WashU Expert: SCOTUS decision big win for access to reproductive health care

The Supreme Court ruled June 27 to throw out a Texas law making access to abortion more difficult in the state.

The move is an important win for women and their access to reproductive health care, said Susan Appleton, the Lemma Barkeloo & Phoebe Couzins Professor of Law at Washington University in St. Louis and a noted expert on family law and reproductive rights.

Appleton
Appleton

“In particular, the court held unconstitutional on their face two challenged provisions of the Texas law that had targeted abortion providers and caused clinic closures — the hospital admitting-privileges requirement for physicians and the surgical-center requirement for abortion facilities,” Appleton said. “Several states have similar provisions, which this case makes constitutionally vulnerable.”

On a more general level, she said, the court clarified the “meaning and application of the ‘undue burden standard’ that three justices first announced in 1992, stepping away from retrenchments in the constitutional protection of abortion suggested in a 2007 case, Gonzales v.

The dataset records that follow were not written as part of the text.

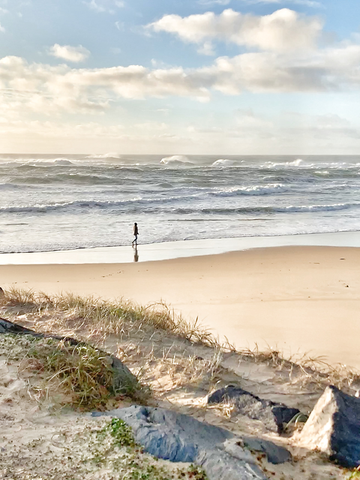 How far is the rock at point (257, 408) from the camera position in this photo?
331cm

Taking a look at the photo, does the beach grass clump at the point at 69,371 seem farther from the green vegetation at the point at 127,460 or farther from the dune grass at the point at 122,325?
the dune grass at the point at 122,325

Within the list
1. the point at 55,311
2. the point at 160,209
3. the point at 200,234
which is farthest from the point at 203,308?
the point at 160,209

Carhart.

“A critical part of today’s analysis showed that Texas, which tried to justify its restrictions as health measures, had imposed significant obstacles to abortion access without evidence that health benefits were gained or were even needed,” Appleton said.

“It is notable that Justice Kennedy, who wrote the majority opinion in the 2007 case and is routinely regarded as the ‘swing vote,’ joined Justice Breyer’s five-justice majority opinion, with no separate opinion of his own,” she said.

“As the senior member of the majority, Justice Kennedy would have assigned the opinion to Justice Breyer. In fact, Justice Kennedy’s opinion in the 2007 case was difficult to reconcile with a case from 2000, for which Justice Breyer had written the majority opinion. This case seems to bridge that gap, aligning Justice Kennedy with Justice Breyer, at least on the issues raised by the Texas law,” Appleton said. “This development also mirrors other recent suggestions that Kennedy is increasingly siding with his more liberal colleagues, for example, in the affirmative action case from Texas, decided a few days earlier.”